For anyone visiting Bhirkot, its remoteness might be reminiscent of Karnali, which is one of the most remote districts of the country. Altogether 35 houses located in Bhirkot collapsed in last year’s devastating earthquake. Though donor agencies had been providing some succour, the government has almost forgotten the village.
In the wake of the quake, a team of Oxfam, an international non-governmental organisation, took stock of the situation in the village and launched drinking water, sanitation and livelihood programmes.
The programmes were carried out in partnership with Development Project Service Centre Nepal and Lumanti-Support Group For Shelter. Lumanti Support Group had assisted in the construction of drinking water projects and latrines in the village in the aftermath of the quake.
According to Sushan Maharjan, a social mobiliser of Lumanti, the group had provided one hygiene kit each to all 35 households in Bhirkot.
“Besides distributing hygiene kits, we also conducted various programmes to promote safe drinking water, sanitation and hygiene in the village,” Maharjan informed, adding that the group also installed three water tanks with 1,000 litre capacity and some 2,000-metre-long water pipe to supply drinking water to the quake-affected village.
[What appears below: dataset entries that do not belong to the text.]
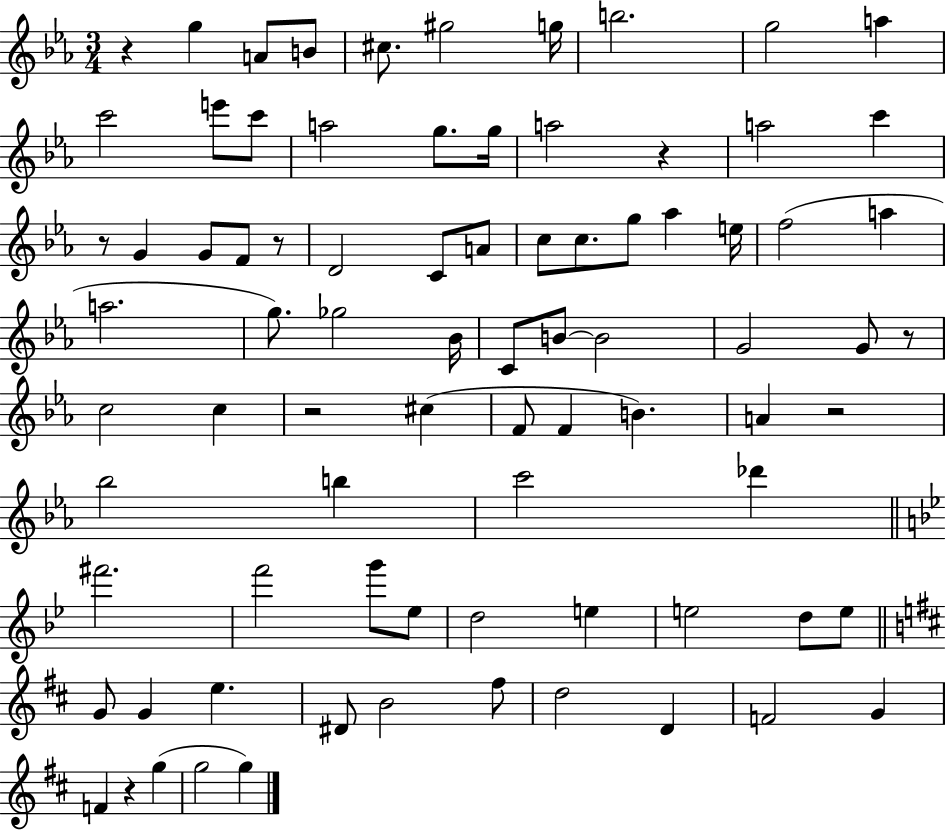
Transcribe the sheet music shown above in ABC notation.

X:1
T:Untitled
M:3/4
L:1/4
K:Eb
z g A/2 B/2 ^c/2 ^g2 g/4 b2 g2 a c'2 e'/2 c'/2 a2 g/2 g/4 a2 z a2 c' z/2 G G/2 F/2 z/2 D2 C/2 A/2 c/2 c/2 g/2 _a e/4 f2 a a2 g/2 _g2 _B/4 C/2 B/2 B2 G2 G/2 z/2 c2 c z2 ^c F/2 F B A z2 _b2 b c'2 _d' ^f'2 f'2 g'/2 _e/2 d2 e e2 d/2 e/2 G/2 G e ^D/2 B2 ^f/2 d2 D F2 G F z g g2 g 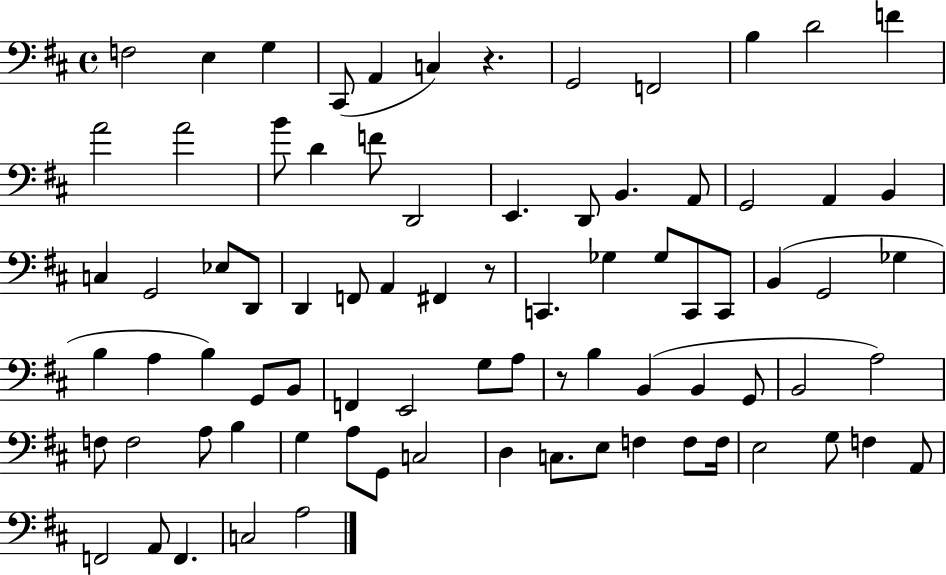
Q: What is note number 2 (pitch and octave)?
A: E3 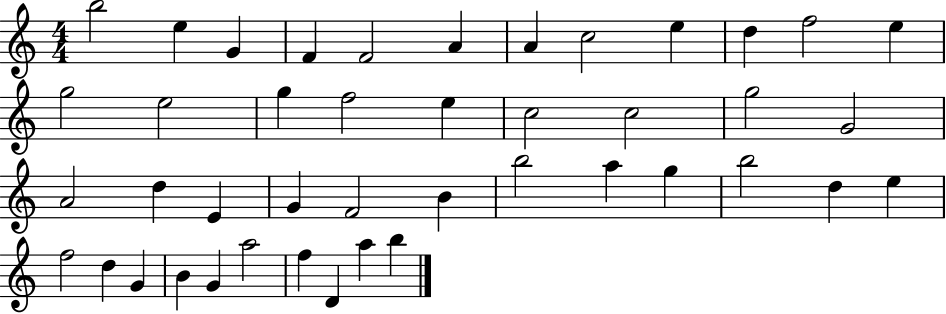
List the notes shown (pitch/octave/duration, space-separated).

B5/h E5/q G4/q F4/q F4/h A4/q A4/q C5/h E5/q D5/q F5/h E5/q G5/h E5/h G5/q F5/h E5/q C5/h C5/h G5/h G4/h A4/h D5/q E4/q G4/q F4/h B4/q B5/h A5/q G5/q B5/h D5/q E5/q F5/h D5/q G4/q B4/q G4/q A5/h F5/q D4/q A5/q B5/q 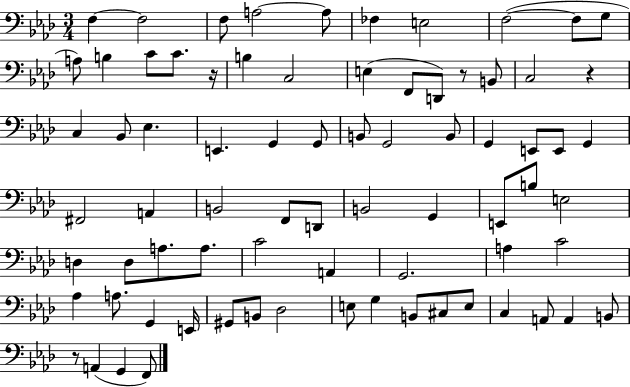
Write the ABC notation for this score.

X:1
T:Untitled
M:3/4
L:1/4
K:Ab
F, F,2 F,/2 A,2 A,/2 _F, E,2 F,2 F,/2 G,/2 A,/2 B, C/2 C/2 z/4 B, C,2 E, F,,/2 D,,/2 z/2 B,,/2 C,2 z C, _B,,/2 _E, E,, G,, G,,/2 B,,/2 G,,2 B,,/2 G,, E,,/2 E,,/2 G,, ^F,,2 A,, B,,2 F,,/2 D,,/2 B,,2 G,, E,,/2 B,/2 E,2 D, D,/2 A,/2 A,/2 C2 A,, G,,2 A, C2 _A, A,/2 G,, E,,/4 ^G,,/2 B,,/2 _D,2 E,/2 G, B,,/2 ^C,/2 E,/2 C, A,,/2 A,, B,,/2 z/2 A,, G,, F,,/2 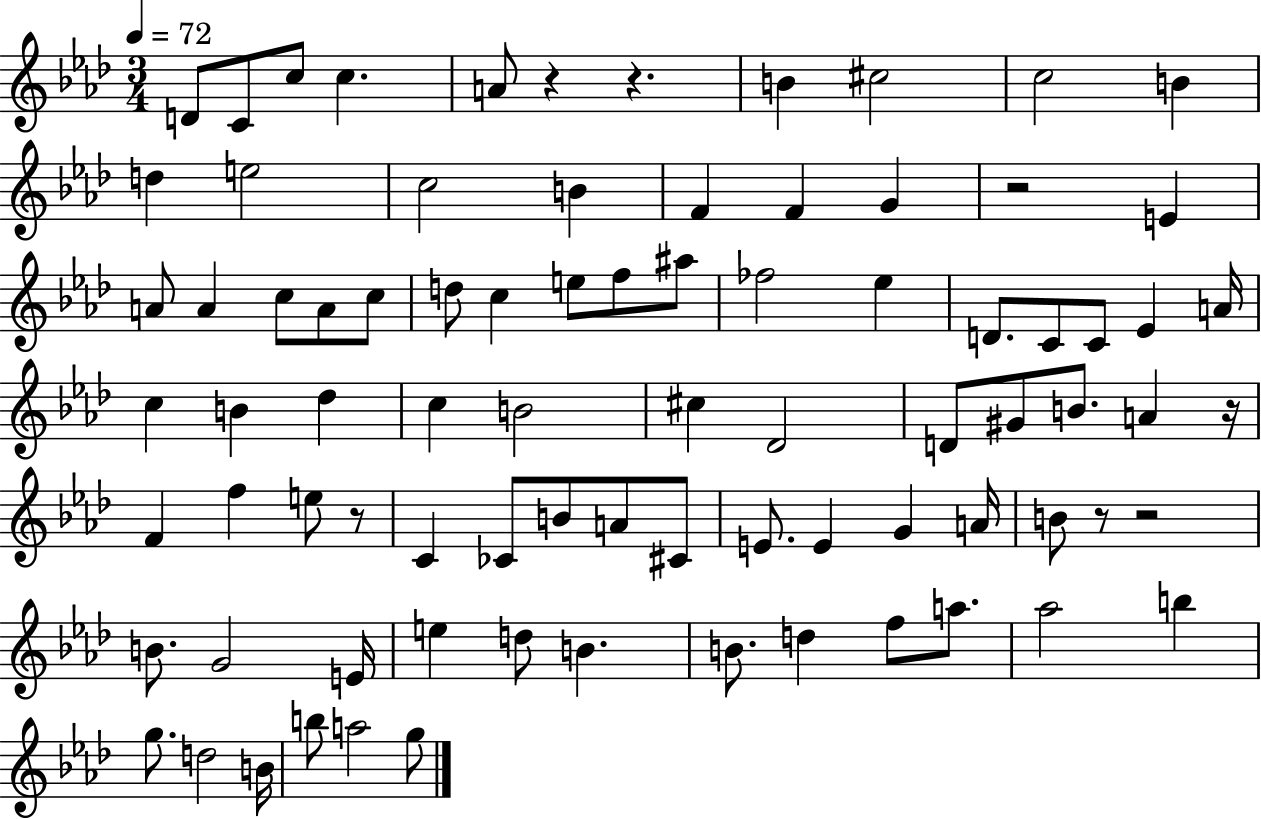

According to Maharjan, Bhirkot has also been declared an open defecation free zone after the villagers built latrines in all households. “As for latrine construction, we helped some 692 households in Nagarjun Municipality,” he said, adding that each household was provided with the financial help of up to Rs 5,000 in cash.
Similarly, DEPROSC Nepal helped repair 1.8 km road from Darshankhola to the village that was damaged by the tremor. As per ‘cash for work’ programme, the organisation paid Rs 8,625 to each of 70 locals who worked for 15 days to repair the road.
A local, Krishnaman Syangtan, appreciated the help lent by the donor agencies. “At a time when the state has been oblivious to our plight, donor agencies have come to our aid and it is praiseworthy,” he said, particularly ruing the apathy of concerned authorities towards their plight.
“At least if the road was better, farmers wouldn’t have faced difficulties in taking their produce to the market,” he said, adding, “I’ve heard that the municipality has pledged Rs 5 lakh for road repair, but such a meagre sum is not enough,” he said, seeking government help for a permanent solution to the drinking water woes in the village.